Conducting Research with the Deaf Community
Posted in: News
Posted on September 29, 2022
When doing research with the deaf community,* it is important to consider culturally appropriate data collection methods out of respect for participants and to obtain better data. In this brief, the Urban Institute and Gallaudet University describe the methods they used to evaluate Barrier Free Living’s (BFL’s) Deaf Services (DS) program, which aims to improve direct services for domestic violence survivors who are deaf and increase local stakeholders’ awareness of deaf survivors’ needs in New York City. This research was conducted through funding from the Manhattan District Attorney’s Office, with guidance from the CUNY Institute for State & Local Governance.
To make the evaluation culturally appropriate, it was key to (1) build trust with the deaf community we engaged in the study; (2) ensure one of the researchers was fluent in American Sign Language (ASL), which enabled direct communication with deaf staff and consumers; 3) use interpreters and technologies to support communication with deaf participants; and (4) modify data collection tools and procedures to ensure they were accessible. These strategies helped the researchers secure support from stakeholder partners and center the perspectives of deaf staff and survivors. The researchers present considerations and lessons learned from the evaluation to encourage other researchers to pursue culturally appropriate research in the deaf community.
Download the full “Conducting Research with the Deaf Community” brief here.
To read the evaluation on which this brief was based, see here.

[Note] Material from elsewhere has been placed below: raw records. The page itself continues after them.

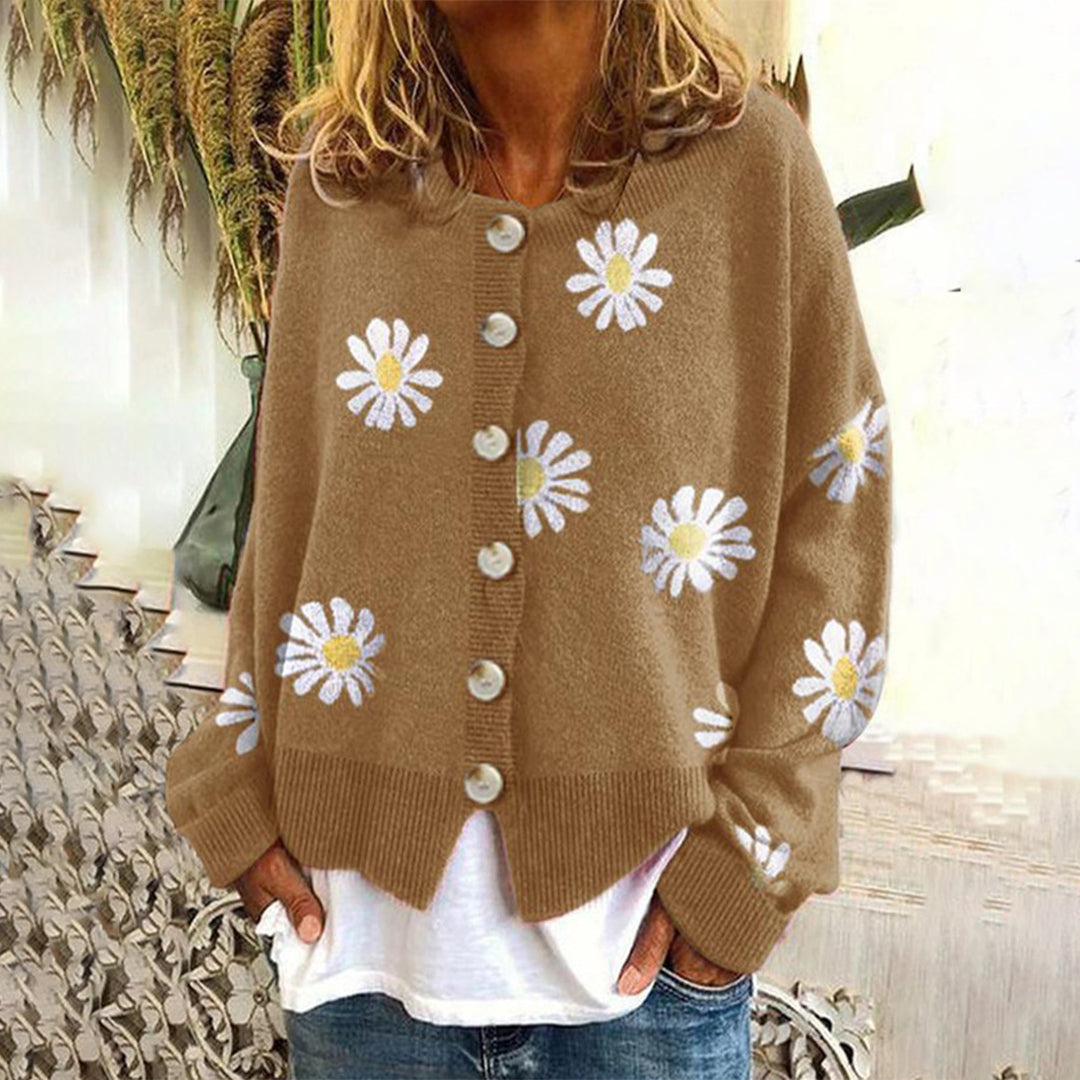 Vrouwelijke Cardigan met Bloemenprint Casual Stijl - StudioMarella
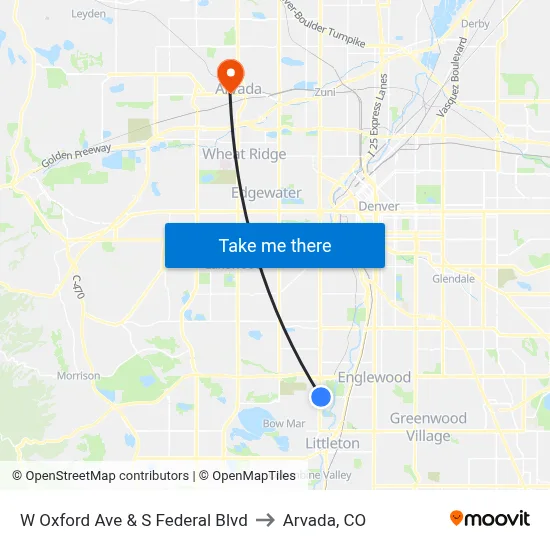 W Oxford Ave & S Federal Blvd to Arvada, CO map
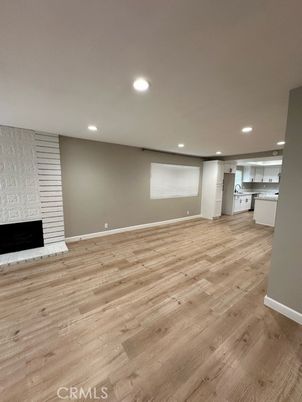 Empty room, Interior, Kitchen, Recessed Lighting, Wood Texture Flooring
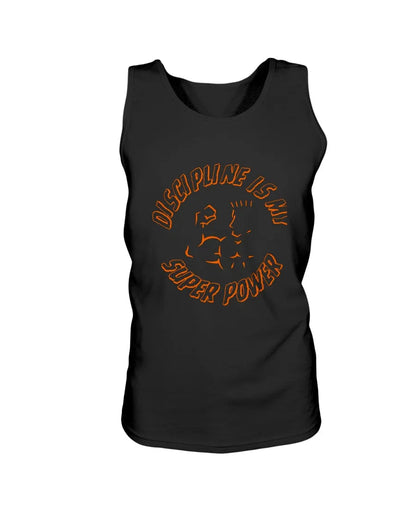 Black Super Style tank with ‘Discipline Is My Super Power’ orange graphic — front view.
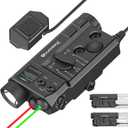 TOUGHSOUL Mlok and Picatinny Mounted Tactical Flashlight Green Laser Red Laser 3 in 1 Combo, 1200 Lumen Light with Remote Pressure Switch for Rifle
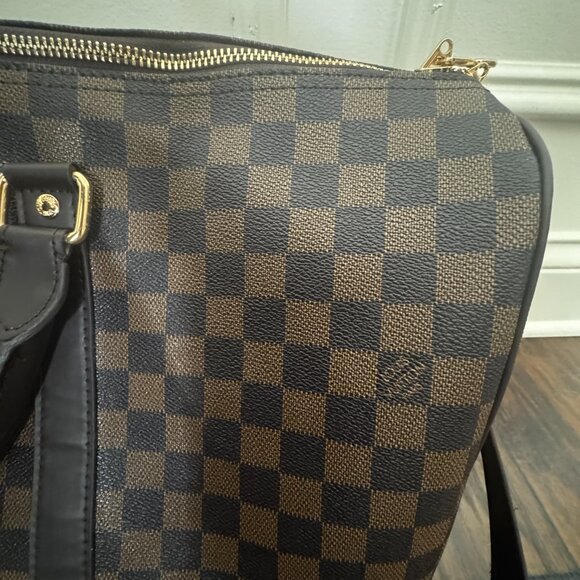 Large Duffel Top Handle With Crossbody Strap Brown Check LV - Picture 4 of 10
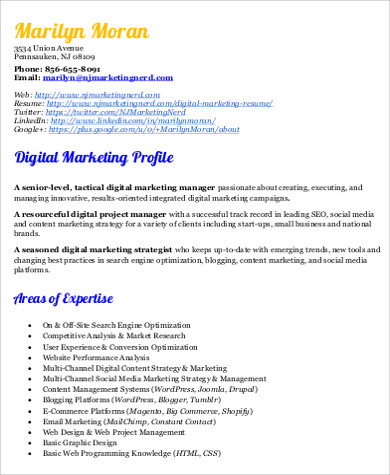 FREE 8+ Sample Digital Marketing Resume Templates in MS Word | PDF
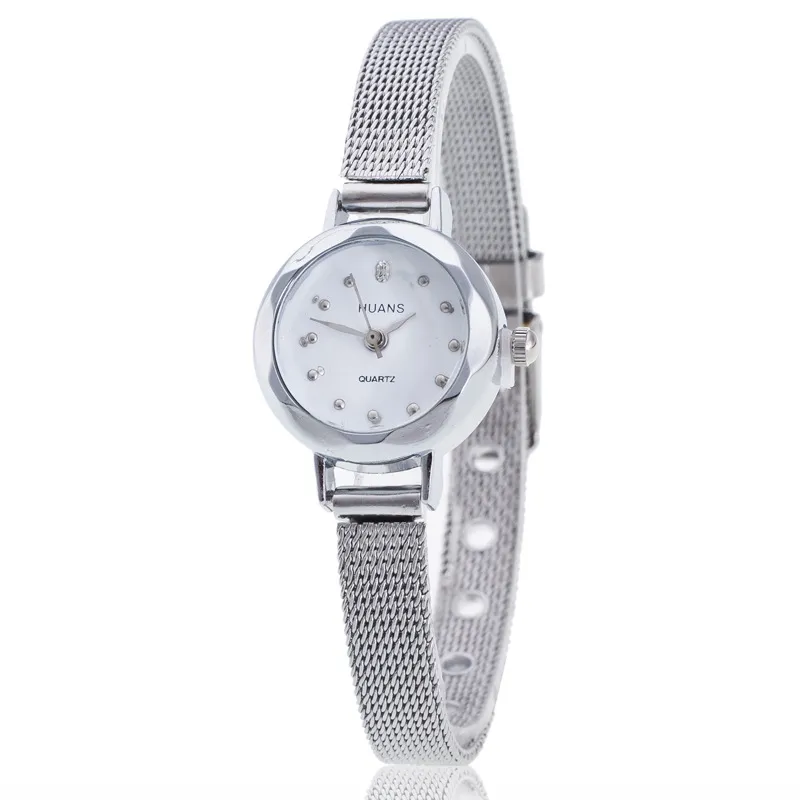 Women's Gold Diamond Quartz Watch with Alloy Fine Mesh Band - Fashionable Student Wristwatch for Girls and Ladies thumbnail 2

* Lowercase deaf is typically used to refer to the physical condition of having limited or no hearing, whereas uppercase Deaf refers to deaf people who identify as belonging to the linguistic/cultural community that uses American Sign Language as its primary language. Except when referring specifically to Deaf culture, for purposes of inclusivity and simplicity, we use deaf in this brief to refer to people who are Deaf, deaf, hard of hearing, late-deafened, or Deaf-Blind.